Honestly, is there any dramatic art more rooted in elemental, archetype-driven storytelling than classical ballet? Swan Lake actually might be the perfect example of that, with White Swan Odette and Black Swan Odile providing the quintessential Virgin/Whore binary. Black Swan takes that and runs with it, painting its cinematic story with ballet’s broad strokes, so simple that the whole thing could be pantomimed. Just as there’s little nuance in Odette’s purity and Odile’s malignancy, Black Swan doesn’t bother to shade the contrast between Nina’s stunted sexuality and Lily’s unabashed carnality.
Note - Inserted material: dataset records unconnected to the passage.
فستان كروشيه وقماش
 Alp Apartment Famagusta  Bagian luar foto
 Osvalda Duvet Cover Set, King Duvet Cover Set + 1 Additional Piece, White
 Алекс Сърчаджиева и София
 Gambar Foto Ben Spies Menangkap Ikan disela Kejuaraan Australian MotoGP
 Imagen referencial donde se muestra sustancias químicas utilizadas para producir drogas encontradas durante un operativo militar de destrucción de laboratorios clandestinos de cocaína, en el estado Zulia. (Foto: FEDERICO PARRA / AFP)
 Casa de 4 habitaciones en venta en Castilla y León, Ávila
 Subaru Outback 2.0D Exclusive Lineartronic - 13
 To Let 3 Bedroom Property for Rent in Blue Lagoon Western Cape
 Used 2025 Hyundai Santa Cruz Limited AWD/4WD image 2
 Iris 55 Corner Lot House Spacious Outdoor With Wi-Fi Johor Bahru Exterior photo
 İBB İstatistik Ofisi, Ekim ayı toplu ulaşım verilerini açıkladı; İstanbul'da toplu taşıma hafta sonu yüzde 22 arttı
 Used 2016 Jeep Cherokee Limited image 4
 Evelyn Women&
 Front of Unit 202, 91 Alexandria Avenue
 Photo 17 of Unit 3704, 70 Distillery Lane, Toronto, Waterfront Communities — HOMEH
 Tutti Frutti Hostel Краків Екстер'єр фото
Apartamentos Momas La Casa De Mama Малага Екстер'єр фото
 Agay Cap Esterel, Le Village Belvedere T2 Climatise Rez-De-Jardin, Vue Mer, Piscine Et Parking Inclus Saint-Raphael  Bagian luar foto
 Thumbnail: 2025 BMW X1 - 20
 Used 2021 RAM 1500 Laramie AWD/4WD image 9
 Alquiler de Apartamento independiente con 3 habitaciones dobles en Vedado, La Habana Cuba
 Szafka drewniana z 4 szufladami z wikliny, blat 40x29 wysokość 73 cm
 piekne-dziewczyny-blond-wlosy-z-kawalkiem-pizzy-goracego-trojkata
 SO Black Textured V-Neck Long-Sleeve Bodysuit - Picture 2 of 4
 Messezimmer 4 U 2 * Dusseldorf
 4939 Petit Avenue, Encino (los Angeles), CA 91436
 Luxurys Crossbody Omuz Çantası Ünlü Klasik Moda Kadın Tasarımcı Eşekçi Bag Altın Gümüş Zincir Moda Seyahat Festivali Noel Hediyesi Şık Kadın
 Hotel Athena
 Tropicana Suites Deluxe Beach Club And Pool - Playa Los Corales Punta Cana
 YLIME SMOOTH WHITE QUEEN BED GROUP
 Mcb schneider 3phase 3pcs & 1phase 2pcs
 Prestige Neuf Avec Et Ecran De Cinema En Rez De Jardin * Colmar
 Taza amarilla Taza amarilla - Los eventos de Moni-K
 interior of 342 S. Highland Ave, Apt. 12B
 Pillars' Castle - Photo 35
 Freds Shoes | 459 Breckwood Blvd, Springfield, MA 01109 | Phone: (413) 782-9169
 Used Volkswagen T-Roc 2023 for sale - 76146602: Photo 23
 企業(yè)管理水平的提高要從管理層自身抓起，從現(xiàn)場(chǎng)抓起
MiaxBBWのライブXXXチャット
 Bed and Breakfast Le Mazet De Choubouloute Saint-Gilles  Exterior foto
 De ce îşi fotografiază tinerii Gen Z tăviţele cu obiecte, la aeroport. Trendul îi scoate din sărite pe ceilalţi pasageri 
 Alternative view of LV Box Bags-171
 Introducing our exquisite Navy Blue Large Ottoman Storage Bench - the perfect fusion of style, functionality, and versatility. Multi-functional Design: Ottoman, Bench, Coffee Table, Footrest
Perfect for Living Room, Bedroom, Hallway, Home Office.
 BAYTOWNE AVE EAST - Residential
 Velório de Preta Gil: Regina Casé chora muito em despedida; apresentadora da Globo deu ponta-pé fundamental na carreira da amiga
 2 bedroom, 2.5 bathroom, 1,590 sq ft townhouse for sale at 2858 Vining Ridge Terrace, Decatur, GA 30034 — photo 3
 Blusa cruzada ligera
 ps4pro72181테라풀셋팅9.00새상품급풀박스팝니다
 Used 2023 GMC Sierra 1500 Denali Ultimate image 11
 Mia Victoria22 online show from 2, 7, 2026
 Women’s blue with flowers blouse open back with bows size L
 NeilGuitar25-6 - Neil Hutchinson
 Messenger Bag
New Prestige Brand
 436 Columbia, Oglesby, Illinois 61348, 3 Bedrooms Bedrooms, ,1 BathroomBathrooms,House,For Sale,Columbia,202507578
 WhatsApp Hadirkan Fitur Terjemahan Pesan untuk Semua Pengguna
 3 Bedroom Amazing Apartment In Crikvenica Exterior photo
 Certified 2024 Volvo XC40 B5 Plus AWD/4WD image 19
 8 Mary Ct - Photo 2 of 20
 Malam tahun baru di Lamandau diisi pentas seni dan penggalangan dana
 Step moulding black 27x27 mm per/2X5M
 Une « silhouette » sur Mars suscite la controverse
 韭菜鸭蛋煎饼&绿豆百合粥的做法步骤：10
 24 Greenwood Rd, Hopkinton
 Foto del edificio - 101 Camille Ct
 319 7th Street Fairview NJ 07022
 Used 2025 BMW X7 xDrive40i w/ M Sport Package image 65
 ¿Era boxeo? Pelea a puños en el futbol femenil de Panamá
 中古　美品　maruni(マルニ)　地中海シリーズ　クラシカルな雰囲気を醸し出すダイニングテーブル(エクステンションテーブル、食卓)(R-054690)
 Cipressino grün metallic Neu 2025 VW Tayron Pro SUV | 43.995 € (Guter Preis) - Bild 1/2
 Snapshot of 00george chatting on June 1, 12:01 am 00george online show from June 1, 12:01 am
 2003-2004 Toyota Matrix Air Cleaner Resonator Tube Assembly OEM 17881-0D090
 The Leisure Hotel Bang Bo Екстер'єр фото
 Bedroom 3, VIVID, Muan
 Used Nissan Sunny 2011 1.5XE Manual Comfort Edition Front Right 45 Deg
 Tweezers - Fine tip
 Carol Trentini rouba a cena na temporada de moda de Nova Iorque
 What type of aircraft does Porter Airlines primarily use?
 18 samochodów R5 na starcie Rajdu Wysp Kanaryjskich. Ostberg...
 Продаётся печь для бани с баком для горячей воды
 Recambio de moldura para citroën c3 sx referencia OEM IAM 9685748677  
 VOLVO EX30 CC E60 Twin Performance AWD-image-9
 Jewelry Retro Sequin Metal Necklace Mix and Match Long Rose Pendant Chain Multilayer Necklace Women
Of course Swan Lake is romanticizing its binary and Black Swan is literally portraying it as a horror show, complete with freakish reflections in mirrors and grisly hallucinations, but neither work could be described as subtle. Portman’s performance is an over-the-top marvel, Nina’s every emotion writ large across her face, and Kunis creates a charismatic photonegative, all joyful, brazen id. Only Cassel has something to do besides embody an extreme, and he does so shrewdly, meandering about classical ballet’s muddied line between seduction and coercion (Manon, anyone?) with unsettling presence and a calculating gaze.

But story is rarely that important in ballet, and it’s the least interesting thing in Black Swan too. Aronofsky might have allowed ballet to consume the storytelling, but the imagery is all cinema, ravishingly so. Swan doesn’t achieve the same level of unforgettable visual power as, say, Requiem for a Dream, but it’s still an obvious descendant, illustrating Nina’s slipping sanity with astute camerawork (sometimes jittery, sometimes weightless), liberal use of doubles and reflections, and gorgeous color and shadow. Rodarte’s ballet costumes don’t look particularly practical for the stage, but on film they’re spectacular, so wantonly birdlike that Nina’s delusions of avian transformation don’t seem too far-fetched. And with Tchaikovsky’s hyper-romantic Swan Lake score undergirding all the exquisitely filmed melodrama, Black Swan achieves moments of tone poem–like beauty.

The flamboyant artistry of the movie’s surface makes it tempting to imagine depths to match, but to my mind, they’re just not there. The dichotomy between Nina and Lily is contrived and simplistic (contrasting Nina’s bulimia and Lily’s appetite is a particularly flimsy touch), and the treatment of the self-destruction in perfectionism is relatively powerful but too trite and facile to warrant much attention. Yet even if it’s a disappointment on an intellectual count, Black Swan demonstrates once again how much of a visual medium film truly is. Visually, Black Swan is a stunner. It might not have depth, but that doesn’t mean one can’t appreciate the splendor of its shallows.